By Filipe Rufino - 28th March 2007
The European commission has announced that it is studying a wide range of economic measures aimed at offsetting environmental costs.
Brussels is looking at taxation, trading schemes and subsidies to help achieve the greenhouse gas emissions and renewable energy goals set at last month’s EU summit.
“Market-based instruments such as emissions trading, environmental taxes and targeted subsidies harness the power of market forces to protect the environment”, EU environment chief Stavros Dimas said on Wednesday.
“Our goal is to promote the use of market-based instruments whenever they are appropriate to the circumstances so that Europe’s environment is protected more effectively”, he added.
An EU levy on imports from developed countries that have not ratified the Kyoto protocol is one of the ideas on the table.
The idea “appears to be very complicated, very sophisticated but worth being examined”, said EU tax commissioner Laszlo Kovacs.
Other ideas on the 16-page paper include a harmonised landfill tax, introducing trading schemes for non-CO2 industrial gases and CO2 emissions from ships, as well as levelling the minimum commercial diesel and unleaded petrol duties
“Tax revenues can then be used to fund environment-friendly activities” Kovacs said.
In discussions with stakeholders, Brussels will see which areas can be best addressed at EU level and which ones would be better left to member states, a scommission pokeswoman said.

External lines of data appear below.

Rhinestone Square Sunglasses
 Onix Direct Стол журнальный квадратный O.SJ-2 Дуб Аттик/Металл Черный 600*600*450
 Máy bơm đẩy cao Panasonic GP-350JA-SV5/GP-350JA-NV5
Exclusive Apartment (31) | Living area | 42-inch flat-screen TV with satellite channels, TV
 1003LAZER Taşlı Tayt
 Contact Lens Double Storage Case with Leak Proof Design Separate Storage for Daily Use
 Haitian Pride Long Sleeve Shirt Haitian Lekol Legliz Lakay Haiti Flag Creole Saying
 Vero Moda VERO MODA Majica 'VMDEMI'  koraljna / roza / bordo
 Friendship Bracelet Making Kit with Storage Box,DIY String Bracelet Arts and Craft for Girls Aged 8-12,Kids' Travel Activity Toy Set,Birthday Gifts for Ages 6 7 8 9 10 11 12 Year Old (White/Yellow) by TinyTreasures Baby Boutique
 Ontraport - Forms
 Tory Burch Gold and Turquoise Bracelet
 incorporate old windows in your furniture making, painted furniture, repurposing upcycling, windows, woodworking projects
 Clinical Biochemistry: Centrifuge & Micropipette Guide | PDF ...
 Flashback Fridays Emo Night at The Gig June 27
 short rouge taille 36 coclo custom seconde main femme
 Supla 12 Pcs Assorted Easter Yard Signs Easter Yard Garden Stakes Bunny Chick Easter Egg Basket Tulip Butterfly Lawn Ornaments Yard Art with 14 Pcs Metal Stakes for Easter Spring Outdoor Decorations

The commission hopes to make concrete proposals to member states “before the end of the year”, said the spokeswoman, with consultations open until the end of July.
But member states, which have historically closely guarded their tax powers, are wary of Brussels’ ambitions.
A ‘core group’ approach is not foreseen,“It is all or nobody,” said a spokesman indicating that all 27 EU capitals would have to agree on any new common instruments.